Las Crucen Paul Bosland knows his chiles. The foremost chile expert in the world talks flavors, cooking, and what really beats the heat when you’ve had a too hot bite.
Written by Jessica Muncrief Photography by Lisa Mayhew-Ortiz
“I began devoting 100 percent of my research to chiles and, looking back, it’s been a very good career.”
Paul Bosland, his wife Judy, and their children, Emily and Will, came to Las Cruces in the early 1980s. A recent graduate of the University of Wisconsin-Madison, Paul had accepted a vegetable breeder position at NMSU so they could be closer to family in Albuquerque and San Diego.
About a year into working with cold crops like broccoli, cabbage, and spinach, he realized he could spend all his time on chile peppers and still not answer all the questions about them. “I guess you could say I put all my chiles in one basket and watched that basket carefully,” he laughs. “I began devoting 100 percent of my research to chiles and, looking back, it’s been a very good career.”

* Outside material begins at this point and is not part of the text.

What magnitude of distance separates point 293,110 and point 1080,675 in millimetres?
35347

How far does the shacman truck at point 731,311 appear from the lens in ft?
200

Chile peppers have indeed taken Paul far in his career. He and his team have released 44 different cultivars of the plant ranging from jalapenos and cayennes to paprikas, ornamentals, and mild habaneros. They discovered the bhut jolokia (aka the ghost pepper) and coined the term “super hot” to refer to any chile over 1 million Scoville Heat Units (SHU). (As a frame of reference, a jalapeno comes in at about 10,000 SHU).
In 1992, Paul helped establish the Chile Peppper Institute (CPI), the only international, non-profit organization devoted to education and research related to chile peppers. CPI partnered with CaJohns Fiery Foods to create, first the Holy Jolokia hot sauce, and now an entire line of salsas, condiments, and even brownies.
Today, Paul is perhaps the foremost chile pepper expert in, not just the United States, but in the world. In just the past year, he’s spoken in Peru, Hungary, and Cambridge, England. Thailand and China are on his upcoming travel schedule.
CPI: 25 Years Strong
This past February, CPI celebrated its 25th anniversary in conjunction with the annual New Mexico Chile Conference. The event kicked off with a reception and dinner at Hotel Encanto featuring a hot Bloody Mary bar and an “execution table” demonstration by Vic Clinco, the owner of the largest private collection of hot sauces in the world.
Dinner guests dined on, what else, a chile pepper-themed meal featuring NY steak, chicken rellenos, and stuffed poblanos. Proceeds from the dinner are going towards the creation of an endowed Chair of Chile Pepper Research.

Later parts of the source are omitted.